Satirical book by Gustave Flaubert

The Dictionary of Received Ideas (or Dictionary of Accepted Ideas; in French, Le Dictionnaire des idées reçues) is a short satirical work collected and published in 1911–13 from notes compiled by Gustave Flaubert during the 1870s, lampooning the clichés endemic to French society under the Second French Empire. It takes the form of a dictionary of automatic thoughts and platitudes, self-contradictory and insipid. It is often paired with the Sottisier (a collection of stupid quotations taken from the books of famous writers).

==Purpose==
At the time of Flaubert's death, it was unclear whether he intended eventually to publish it separately, or as an appendix to his unfinished novel Bouvard et Pécuchet. In some of his notes, it seems that Flaubert intended the dictionary to be taken as the final creation of the two protagonists. In other notes, it seems the Sottisier is intended as their final work.

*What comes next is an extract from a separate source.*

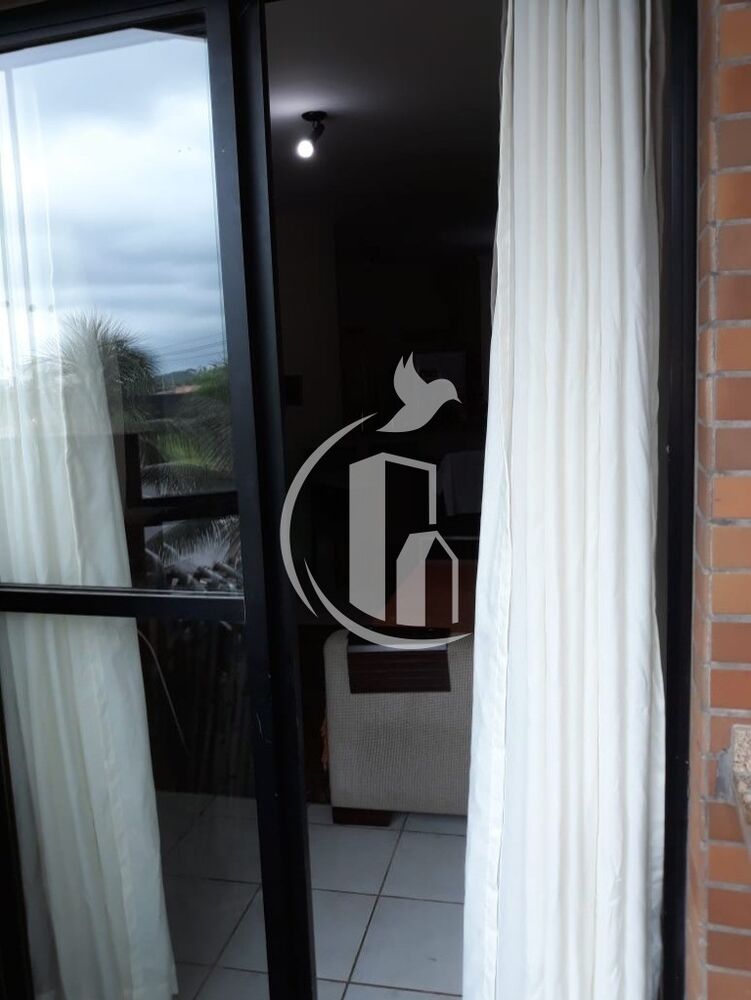 Apartamento, 2 quartos, 80 m² - Foto 13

Flaubert's two main themes are the "castigation of the cliché" and "an attack on misinformation, prejudice and incoherence as regards matters of fact".

==Background==
The idea of a spoof encyclopedia had fascinated him all his life. As a child, he had amused himself by writing down the absurd utterances of a friend of his mother's, and over the course of his career he speculated as to the best format for a compilation of stupidities. In a letter to Louis Bouilhet from 1850, Flaubert wrote: Such a book, with a good preface in which the motive would be stated to be the desire to bring the nation back to Tradition, Order and Sound Conventions—all this so phrased that the reader would not know whether or not his leg was being pulled—such a book would certainly be unusual, even likely to succeed, because it would be entirely up to the minute. He wrote to Louise Colet in 1852: No law could attack me, though I should attack everything. It would be the justification of Whatever is, is right. I should sacrifice the great men to all the nitwits, the martyrs to all the executioners, and do it in a style carried to the wildest pitch—fireworks... After reading the book, one would be afraid to talk, for fear of using one of the phrases in it.

==Examples==
- ABSINTHE. Extra-violent poison: one glass and you're dead. Newspapermen drink it as they write their copy. Has killed more soldiers than the Bedouin.
- ARCHIMEDES. On hearing his name, shout "Eureka!" Or else: "Give me a fulcrum and I will move the world." There is also Archimedes' screw, but you are not expected to know what it is.
- ARTS. Are quite useless, since they are replaced by machines that manufacture even more quickly.
- FEUDALISM. No need to have one single precise notion about it: thunder against.
- OMEGA. Second letter of the Greek alphabet. [reference to alpha and omega]
- THIRTEEN. Avoid being thirteen at table; it brings bad luck. The sceptics should not fail to crack jokes: "What is the difference? I'll eat enough for two!" Or again, if there are ladies, ask if any is pregnant.
- WALTZ. Wax indignant about. A lascivious, impure dance that should only be danced by old ladies.

==Parallels==
The dictionary is comparable in many respects to Ambrose Bierce's The Devil's Dictionary, but takes the opposite tack by affirming all the commonplace notions.

==Influence==
The British impresario and humorist Willie Donaldson was long interested in the Dictionary; and, as "Henry Root", published something similar for the Britain of the 1980s: Henry Root's World of Knowledge.